The right hand side contains P(μ), the prior information about the parameter μ. With a certain distribution P(μ), the likelihood of μ, given uncorrelated data n₁, n₂… is

$$\begin{array}{c}\hfill L_{\mu }=P\left(n_1\right|\mu )P\left(n_2\right|\mu )...P\left(n_N\right|\mu )P\left(\mu \right).\end{array}$$ (16)

Compare Eq. 16 to the usual likelihood function [Eq. 14] which lacks a factor of P(μ). In its typical implementation, omitting P(μ) from the calculation is equivalent to asserting P(μ) ∼ constant over the interval 0 < μ < ∞. It would be highly unusual for a flat distribution of mean parameters in the range 0 < μ < ∞ to be a realistic description of any data set. Indeed, the total probability spread over any finite region accessible to an experiment is zero.

Compare a calculation where μ < μ_* is known to occur. Optimizing μ subject to μ < μ_* will always produce a more accurate estimate than including μ → ∞. This is the weakness of many maximum likelihood estimators cited in the Introduction: No prepackaged statistic, uninformed about the actual data, could be expected to serve all purposes. By exploiting features learned from the data it is always possible to improve on standard maximum likelihood estimates. More sophisticated applications of maximum likelihood are possible.¹³ In this paper, however, we choose to explore the performance of the Bayesian updating method, and we compare our Bayesian updating method to the maximum likelihood in its naive running average form.

Define a running average of a quantity ξ(t) over smoothing time ΔT by

$$\overline{\xi }(t,\Delta T)=\frac{1}{\Delta T}{\int }_{t=t-\Delta T}^{t}dt\xi (\left(t\right).$$

For discrete data we use the corresponding sum. The formula defines a backward average; other time offsets can also be used. The running average smoothes the data at a price of reducing response to changes over time.

As shown above, the running mean number $\overline{n}\left(t\right)$ is a maximum likelihood estimate for μ(t) that assumes a flat prior distribution over 0 < μ < ∞. The central limit theorem implies that under broad conditions the distribution of $\overline{n}$ will be a Gaussian centered at the true mean. The distribution width from averaging N points is predicted to scale like $1∕\sqrt{N}$. Apply this to estimate a mean using the running average:

$$\begin{array}{c}\hfill {\overline{\mu }}_{\text{runav}}\sim {\mu }_0\pm {\left(\Delta \mu \right)}_{\text{runav}};\\ \hfill {\left(\Delta \mu \right)}_{\text{runav}}^2\sim \frac{{\sigma }_{\mu }^2}{\overline{\mu }\Delta T}.\end{array}$$ (17)

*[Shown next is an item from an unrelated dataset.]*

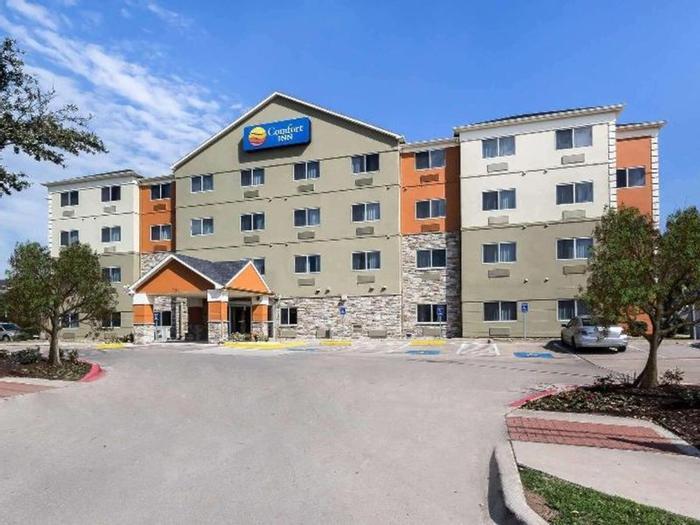 Hotel Comfort Inn & Suites - Bild 1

With idealized conditions of a steady system the experimenter can run for an unlimited time and reduce the error Δμ_runav to zero.

Yet we are interested in extracting dynamics from the fluctuations, not integrating them away. The uncertainty from making running averages tends to increase the inherent uncertainty that the underlying distribution σ represents. We express this with an uncertainty relation

$$\overline{\mu }\Delta T\Delta {\mu }_{\text{runav}}^2\ge {\sigma }_{\mu }^2.$$

For any given value of σ_μ the condition for the smoothing time ΔTnot to seriously degrade resolution is

$$\begin{array}{c}\hfill \mu \Delta T\gg 1;\\ \hfill \Delta T\gg \frac{1}{\mu }.\end{array}$$ (18)

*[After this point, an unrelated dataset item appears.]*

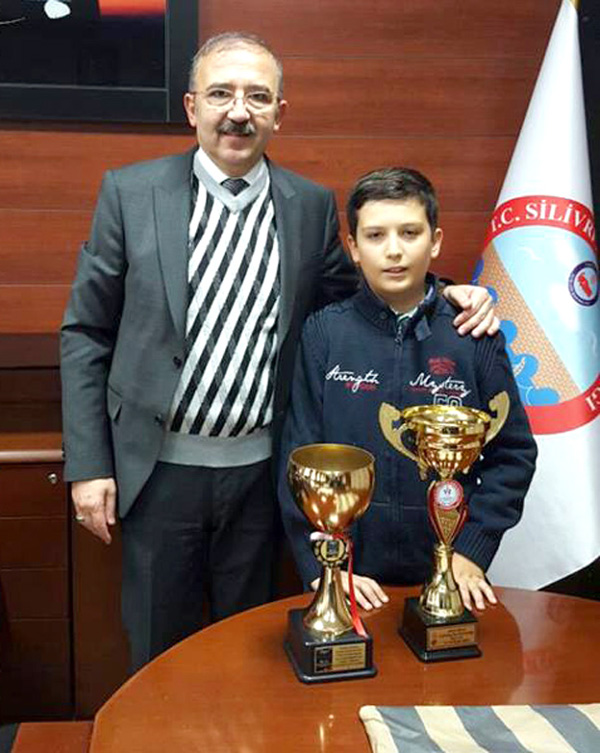 Şampiyon satranççı Bekarlar’ı ziyaret etti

This is a very modest requirement. It implies the possibility of averaging on the time scale of the single photon waiting time.

Under the impression it is statistically inevitable, experienced observers will impose μΔT ≳ 100 − 1000 to suppress $\sqrt{n}$ fluctuations. There are consequences from the “ordinary” uncertainty principle. Consider an instantaneous transition between two channels at time t = 0. Model this with short-term exponentials, starting in state 1 at t = 0:

$$\begin{array}{c}\hfill n_a\left(t\right)\sim {\overline{n}}_a{e}^{-\gamma t};\\ \hfill n_b\left(t\right)\sim {\overline{n}}_b(1-e^{-\gamma t}).\end{array}$$

The Fourier resolution is

$$\begin{array}{c}\hfill n_a\left(\omega \right)\sim {\overline{n}}_a\frac{1}{\omega +i\gamma }\\ \hfill n_b\left(\omega \right)\sim {\overline{n}}_b\left(\delta \left(\omega \right)-\frac{1}{\omega +i\gamma }\right).\end{array}$$

The characteristic width in frequency is Δω ∼ γ. The frequency–time uncertainty principle says ΔωΔT ≳ 1. It is important that this operates independent of sampling limitations. Smearing data over an averaging time ΔT automatically eliminates the ability to resolve rates γ ≳ 1∕ΔT.

Analysis of a single state

Dependence of the Bayesian updater on the priors

In this section, we study first the dependence of Bayesian updating on the initial priors. We find that Bayesian updating rapidly becomes insensitive to the choice of the prior. To illustrate the point, we first turn to analytic work. Let a data set consist of a set of p numbers (n₁, n₂…n_p). Let P(μ|n₀) be the initial prior and P_broad(μ) be a distribution obtained from random numbers, normalized to one, which appears in the term αP_broad(μ) of the Bayesian updating algorithm. In general, after m iterations the sequence looks like

$$\begin{array}{ccc}\hfill P\left(\mu \right|n_m)& =& P\left(\mu \right|n_0){(1-\alpha )}^m\prod _{k=1}^{m}P\left(n_k\right|\mu )\hfill \\ & & +\alpha {(1-\alpha )}^{m-1}{P}_{\text{broad}}\left(\mu \right)\prod _{k=2}^{m}P\left(n_k\right|\mu )\hfill \\ & & +\alpha {(1-\alpha )}^{m-2}{P}_{\text{broad}}\left(\mu \right)\prod _{k=3}^{m}P\left(n_k\right|\mu )\hfill \\ & & +\cdots +\alpha P_{\text{broad}}\left(\mu \right).\hfill \end{array}$$ (19)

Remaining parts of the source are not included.